Others though . . . For them it seemed much easier to forget. The framed picture had come through the mail, boxed neatly with a short note from my father. For you, Stefan. It wasn’t signed, but it didn’t have to be. I recognized the bold slash of ink, the roughly spare sentiment. Anatoly Korsak had to pick and choose his words very carefully—an occupational hazard. You never knew who might be reading your mail or listening to your phone conversations. Actually, that was a little less than true. Anatoly was all too aware of who was reading his mail these days—and thanks to our connection, mine. Let them. Aside from my monthly Playboy, they weren’t going to find anything of interest. As for the postmark on today’s package, you could bet your ass that Anatoly was states away from that location.

The day before had been my birthday. The picture was my present. Maybe it was meant as a memorial, a reminder of better, sweeter times, or maybe Anatoly was just cleaning out his goddamn attic. Either way, I didn’t give a shit, because in reality it was none of those things. It was a gravestone, pure and simple. Unconsciously, my hand had already tightened on the smooth wood of the frame, a split second away from slamming it against the wall. It would’ve been a petty piece of violence wrapped around a large chunk of raw pain, but in the end I couldn’t do it. That smile, my brother’s smile . . . Smash it? I just couldn’t.

Sliding it carefully back into its sheltering box, I placed it in the bottom drawer of my computer desk. Out of sight, out of mind; not exactly, but for now it was the best compromise I could make. Leaning back in the leather swivel chair, I closed my eyes and tugged the tie from my hair and massaged soothing fingers into my scalp. I could feel the black waves brush my shoulders and felt my lips curl ruefully. I needed a haircut. One of the guys had called me malchik privlekatelnayo; pretty boy. It was a joke, of course. Despite the hair, I was anything but pretty. The scar that ran from the corner of my left eyebrow along my jaw to the point of my chin hadn’t precisely healed in a manner a plastic surgeon would’ve approved. Couple that with eyes as bleak and cold as a killing frost and I didn’t exactly make children run for their mother, but I definitely gave them second thoughts—mostly about the boogeyman and things that went bump in the night, I imagined.

I could’ve gotten my face fixed. Well, not fixed, but improved, yet I didn’t see the point. I’d learned it certainly didn’t hurt me in my current profession. Before that . . . I’d wanted to keep the scar. I wanted to be reminded . . . every time I looked in the mirror and every time I saw my reflection in the face of others.

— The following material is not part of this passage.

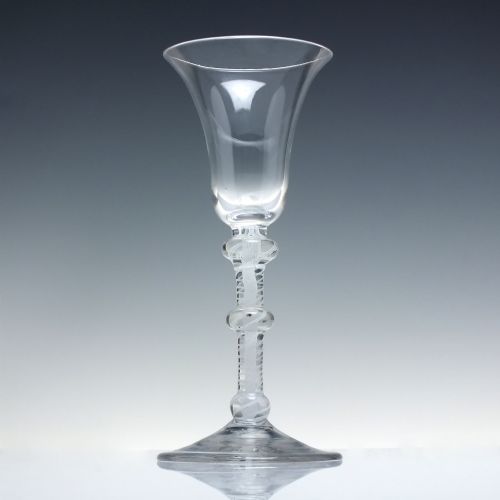 18TH CENTURY TRIPLE KNOP OPAQUE TWIST WINE GLASS C1760 - ADDITIONAL PHOTO 1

My head continued to throb and I gave up rubbing it to go into the bathroom. Opening the medicine cabinet, I popped three Tylenol and chased them with a handful of sulfurous water from the tap. Through the wavy glass of the privacy window I could see splinters of a pounding slate blue surf and dirty white sand. I lived in a condo on one of the less-desirable stretches of the Miami shore. Even a life of crime wouldn’t pay for a beach house, not when you were on as low a rung on the ladder as I was.

Anatoly had been grudgingly impressed that I wouldn’t take his money, that I wanted to make my own way working for one of his allies. That wasn’t it, though. If I was going to take blood money, I wasn’t going to pretend it was anything but what it was. I wasn’t going to remove myself from the process and live like the prince I’d been born; a prince of crime and death, but a prince all the same—at least to my father’s peers. In the eyes of the police and the government, I was a little less royal. In the eyes of the victims, I was nothing more than a thug.

They were right.

But, hey, that was just my day job, so to speak. In the end I hadn’t been able to escape destiny. Dirty Harry was forgotten and I fell into the family business without much of a struggle. It was all secondary anyway, random noise that didn’t have a chance of interfering with my true calling of finding him . . . finding Lukas.